Le goût de Jacques pour l’incorporation des apprêts dans des pièces joaillières ou des accessoires dépasse néanmoins son simple intérêt personnel. Ce n’est pas un hasard si les pièces dites « égyptiennes » les plus emblématiques de Cartier Londres datent de fin 1923 et du début 1924, peu après la découverte fascinante du tombeau de Toutankhamon, en novembre 1922.



Cartier venait tout juste d’ouvrir son atelier à Londres – le English Art Works, qui célébra son centenaire en 2021 – et « l’Égyptomanie » alors en vogue offrait une occasion parfaite de démontrer le savoir-faire britannique. Les ateliers produisent donc des créations dans l’air du temps, qui déclinent le style inimitable de Cartier, des objets uniques combinant antiquités égyptiennes, notamment en faïence, gemmes et métaux précieux. Certaines de ces pièces apparaissent dans l’un des premiers encarts publicitaires de Cartier Londres en janvier 1924, publié dans le magazine The Illustrated London News.

« Un ami formidable »
Les liens tissés par Jacques avec les princes indiens en 1911 portent leurs fruits dans les années 1920 et 1930. Plus particulièrement, Jacques et le maharajah de Nawanagar (1872-1933) nouent au fil du temps une relation d’amitié, comme en témoigne la correspondance entre les deux hommes.
Quelques-unes des pièces les plus remarquables conçues par Cartier Londres étaient destinées au maharajah de Nawanagar, dont un imposant collier d’apparat réalisé en 1931.
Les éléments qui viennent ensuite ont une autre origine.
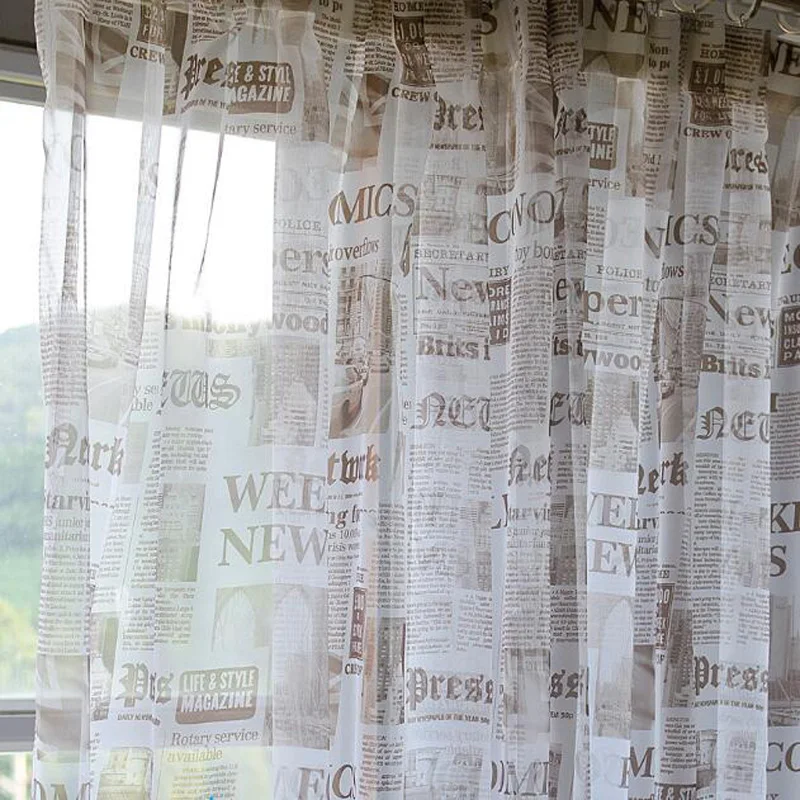 Классический газеты из вуали с принтом Шторы современный простой окна Экран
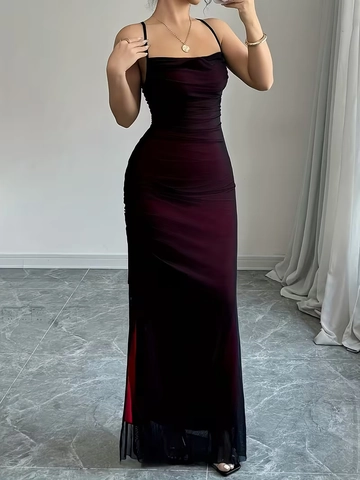 Vestito Lungo Mesh Poliestere Arricciatura Spacco Schiena Scoperta Spalline Incrociate Scollo Cappuccio Festa Elegante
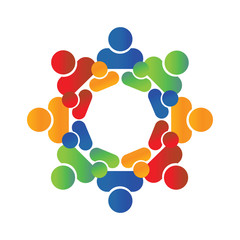 People logo round circle of group.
L'expertise de Jacques sur les gemmes était particulièrement appréciée des maharajahs, parmi d’autres clients, qui n’hésitaient pas à faire appel à lui comme personne de confiance pour l’achat de pierres d’exception ou comme intermédiaire pour leur vente (ce fut notamment le cas pour les diamants connus sous le nom d’Étoile polaire et de Tête de bélier pour le compte du prince Youssoupoff).
Si autant de clients sont restés tellement fidèles à Cartier Londres à travers le temps, c’est sans doute en partie aussi la preuve des qualités personnelles de Jacques. Après son décès en 1941, Lady Oxford, épouse de l’ancien Premier ministre britannique Herbert Henry Asquith, écrivait à son sujet : « …plus rare qu’un grand artiste ou qu’un créateur de bijoux précieux, il était un ami formidable […] et le meilleur ambassadeur entre la France que nous aimions et l’Angleterre qu’il admirait. Ce n’est pas toujours louable de dire de quelqu’un qu’il n’a pas d’ennemis, mais je pense que Jacques Cartier n’a pas eu un seul ennemi sur cette terre. »
Jacques laisse derrière lui son épouse Nelly et leurs quatre enfants : Jacqueline, Alice, Jean-Jacques et Harjes. Leur fils aîné, Jean-Jacques, dirigea la branche londonienne de Cartier de 1946 à 1974.